Faded (or why it is I hate cover bands)



Faded is the name of a shitty cover band from Seoul. These guys are all prior Army/Air Force that decided the military wasn't for them, only they realized how good they had it when they were in, and sponge off the USFK resources still. They get gigs with the USO here to tour the different installations we have on the ROK and get paid to perform their renditions of Top 40 songs that have come and gone. While Kunsan may get the occasional celebrity like Sinbad or Coolio (anyone remember them?), some of the more austere places along the DMZ are lucky if anyone comes to visit, and that's where bands like Faded move in for the kill.

I saw these losers perform here last year in Sept/Oct time-frame and thought they sucked donkey balls then. They didn't know any Sabbath or Ozzy tunes when I asked them to play some, but played awful shit like Creed and Blink 182. What the fuck? You're going to claim to be a band yet can't even play something as basic as Crazy Train or Iron Man? Get the fuck out already!

Well, 6 months had passed and perhaps these dudes took a hint and got their shit together, right? Well, we'll get to that in just a moment.
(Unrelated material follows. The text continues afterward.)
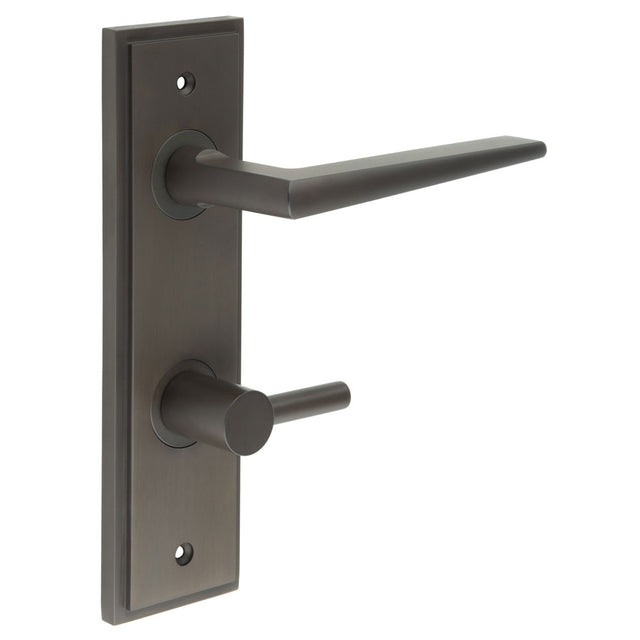 High quality image of Burlington - Mayfair Door Handle Din Bathroom Backplate Dark Bronze & Turn & Release Sku. BUR-10DB-456DB-82DB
Like the sign mentioned, the band was going to start playing around 7 pm. A small group of people had already gathered up - people with nothing to do except drink beer and chill out. These are your usual run-of-the-mill flightline guys usually who work their asses off to make sure the jets take off on time, and want to unload for the weekend without having so much a care. Decent people for the most part.

At one end of the field they had a food booth set up where you could buy hot dogs and beer and what not, and the other end had a USO raffle booth giving away free prizes - stupid shit primarily - a Game Boy Advance, a shitty CD stereo, and some ghetto DVD player - all under $100 in value. There were also footballs, soccer balls, and band posters that were being handed out by some asshole Limey Brit while the band played. He tried getting the crowd worked up, only he fell short. Horribly short. He made himself look more like an ass than someone with charisma. People started ignoring him after a minute of his banter.
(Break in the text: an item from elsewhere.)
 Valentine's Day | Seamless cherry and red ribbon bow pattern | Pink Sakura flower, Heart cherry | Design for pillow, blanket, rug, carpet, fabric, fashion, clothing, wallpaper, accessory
AFN was there too - the chick next to the camera was pretty hot and at first I thought she was a wanna-be star fucker, but it turns out she works at the radio station on base. We shot one another glances but nothing more came of that. No way am I going to talk to her with 3 other swinging dicks surrounding her. Besides, anything stupid I would say to her would be caught on film.
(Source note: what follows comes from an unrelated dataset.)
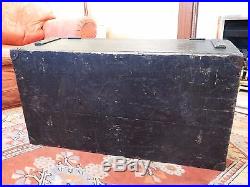 Vintage Industrial Old Large Black Wooden Captain Chest Trunk Storage Box. #4512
I decide to have a seat in the bleachers and these 3 redneck guys are slamming down brews. They have an ice chest full of beer and are just chilling out. Some 19/20 year old cop comes over and tells them they need to get rid of all their beer since some of the senior leadership has arrived and it "doesn't look good" according to them.

Once again, Mom and Dad are in control, as always.

The rednecks only have 3 beers left and slam them right quick. Instead of giving the cop some shit, they figure they may as well comply since they don't want any shit from anyone.




The band decides to come out at 7:30, and not 7pm as promised. WTF? They're not big name rock stars like Marilyn Manson or Zakk Wylde, so it's not like they have alot of behind the scenes shit they need to do. They're just being lazy. They start singing some stupid shit by getting the night started.

Remember those 3 redneck guys? They're more like the redneck version of the 3 Stooges. While being well-behaved at first, they start talking shit amongst one another and they start to horse-play. No big deal, right? Get a few brews in yah and yah wanna let loose. Only, it went from Tom-Foolery hi-jinks to shoving and then a fist-fight. No sooner did it begin than it ended.

Some asshole Tech Sargeant I've seen running around on base pulls his ID card out and starts to shove it in their face like he's making a citizen's arrest and his ID card is a make-shift police badge. To describe what this dude looks like, is like taking one of the "Bobs" from Office Space and give him a 24/7 constipated look on his face.



There yah go. The guy on the left.

Anycase, him and some fat black guy apprehend the "Curly" of the 3 Redneck Stooges, while calling for the same 20 year old cop to come up and do his job. The cop has this stupid look on his face and it doesn't register to him that his assistance is needed until a minute or so of continual hand gestures. Then the lightbulb in this dude's head dimly lights up and he puts 2 + 2 together. And we trust this genius with a firearm, folks. Nice.

As Asshole TSgt continues throwing his rank around, everyone starts to notice how much I'm laughing as all of this is taking place. After all, I'm sitting directly behind them and paying more attention to what's going on instead of the band on stage. Well, Asshole TSgt starts getting pissed at me and starts shooting me dirty looks like I'm next on his quest for authoritarian power. Moe and Larry of the Redneck Stooges start noticing as well, only they don't say shit since the cops are there giving Curly grief still. They all get pissed and just do nothing for the moment.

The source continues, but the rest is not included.